GunControlMarch 2013

バラク・オバマ大統領が2016年1月5日会見し、銃規制強化に向けた政策を発表しました。毎年のように銃規制強化に向けて動いていましたが、オバマ大統領の任期最終年の今回、立法によらず、大統領令での銃規制強化を打ち出しました。

犯罪の被害者や遺族を招いての発表で生中継されていましたが、途中涙を流して手で拭う場面があり迫真の涙でした。

銃犯罪は喫緊の課題

銃犯罪への対策

銃犯罪を少しでも減らすために、販売者を免許制にして、購入者のバックグラウンドチェックを行う、という政策を大統領令で実施するようです。どちらも、幾度と無く提案されてきましたが実現してこなかった変更です。

銃規制とNRA

銃器が規制されている日本から来た僕としては、この政策に反対する理由が理解できないのですが、現実に二大政党の片翼、共和党に反対されて銃規制を強化する法案は廃案になってきました。

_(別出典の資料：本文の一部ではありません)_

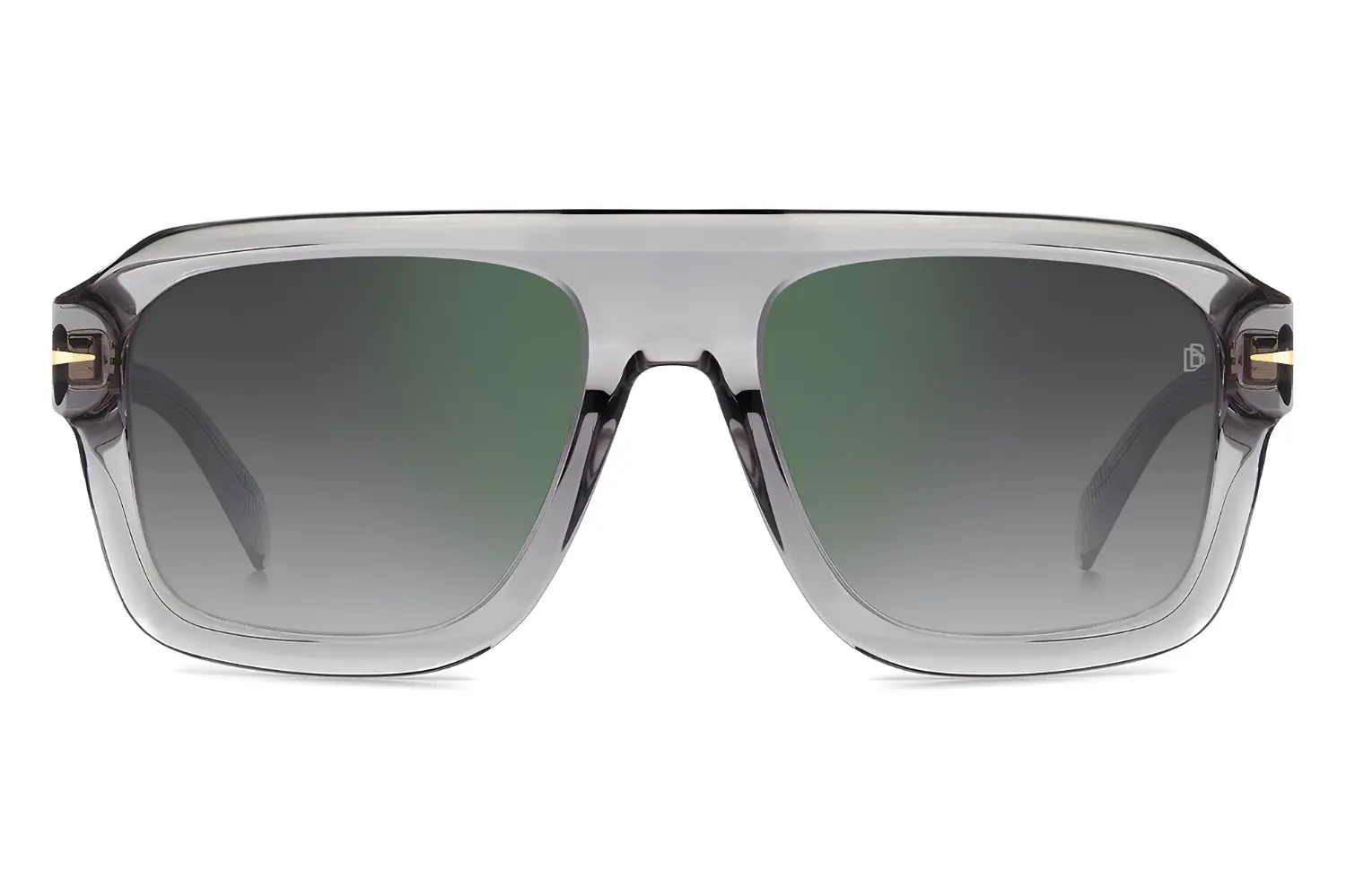 David Beckham 7127/S KB7/NU - 54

反対する圧力団体(ロビー)は全米ライフル協会(NRA)で、

  1. 規制をしても犯罪者は何とかして手に入れる
  2. 自衛のために銃は必要
  3. 憲法修正第2条(セカンド・アメンダント)で武装する権利が認められている

という3点が主な反対理由になっています。確かに、カリフォルニア州サンバーナディーノのテロ事件やヨーロッパでの多くのテロ事件(参考:『パリ同時多発テロを受け、シャルリー・エブドが風刺画掲載』、『フランス高速鉄道でアメリカ人がテロリスト鎮圧』、『アメリカでシリア難民受け入れ拒否が拡がる』)のような事件は、銃規制されたとしても減らないと思われます。

ただ、アメリカで問題になっている銃犯罪の多くは、偶発的だったり、計画的だったとしても銃器の入手ができなければ計画が進められず、減少する類のものだと感じます。

オバマ大統領の発表

オバマ大統領が涙を流している部分の映像がCNNから公開されています。

Emotional Obama calls for 'sense of urgency' to fight gun violence(CNN.com)

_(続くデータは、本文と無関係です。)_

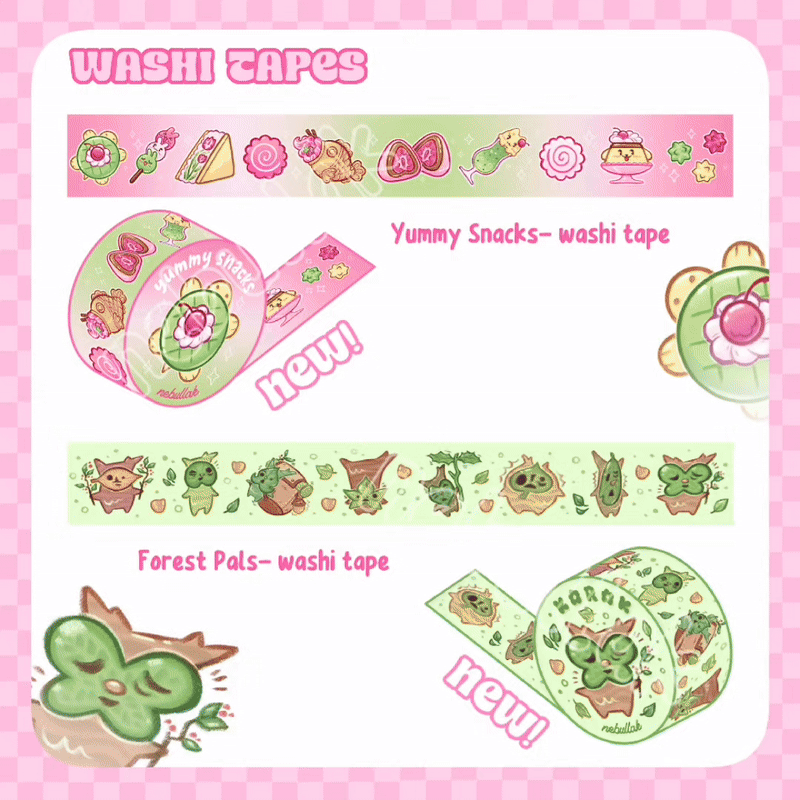 ✦ Stationery, Apparel &amp; More✦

オバマ米大統領は5日、ホワイトハウスからのテレビ演説で、議会の承認を必要としない大統領令による新たな銃規制強化策を発表した。また、銃支持派の候補者に投票しないよう国民に呼び掛けた。
新たな規制では、オンラインや展示会などで銃を販売する業者にも免許取得を義務付けるほか、銃購入希望者の身元調査を拡大する。
大統領は、任期中に現在の銃規制法が変更されるとは考えていないと明言した上で、11月の次期大統領選挙までの期間は銃規制を争点とするために全力を尽くす、と誓った。
また、米憲法修正第2条に定められる武器所有の権利は、祈りを捧げ、平和に集い、生活を営むための権利との調和を保つ必要があると述べた。
大統領は演説の途中、2012年にコネティカット州の小学校で起きた銃乱射事件の犠牲者に言及し、涙を流す場面もあった。
大統領は来週12日の一般教書演説でも銃暴力を取り上げる予定。
出典:『オバマ氏が演説で涙、大統領令で銃規制強化へ』(ロイター)

オバマ大統領は、大統領に当選する前は名門のシカゴ大学で憲法学を教えていました。憲法修正第2条に抵触しないようにするとのことです。

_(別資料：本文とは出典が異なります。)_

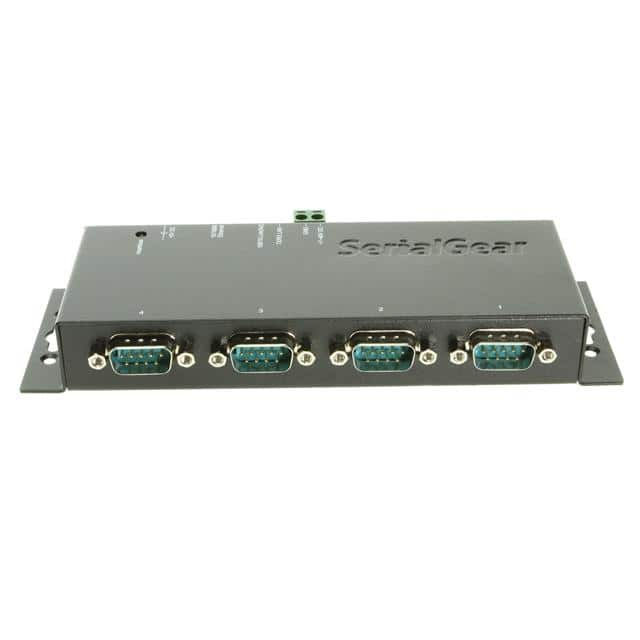 image of Adapters, Converters>MSD-SRF4X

それにしても、ロイターの記事にあるように、新しい銃規制が発表されることがわかってから、銃器メーカーの株価が軒並み上昇しているというのは皮肉です。

ホワイトハウスが銃規制強化策を発表した4日以降、銃販売が増加するとの期待感から銃器メーカーのスミス・アンド・ウェッソン・ホールディング(SWHC.O)とスターム・ルガー(RGR.N)の株価が上昇。5日にはスミス・アンド・ウェッソンは11.1%高、スターム・ルガーは6.8%高で取引を終えた。
出典:同ロイター記事

短期的な駆け込み需要を見込んでいるのでしょうか?

共和党の議員たちは、この政策に反対すると続々と表明しています。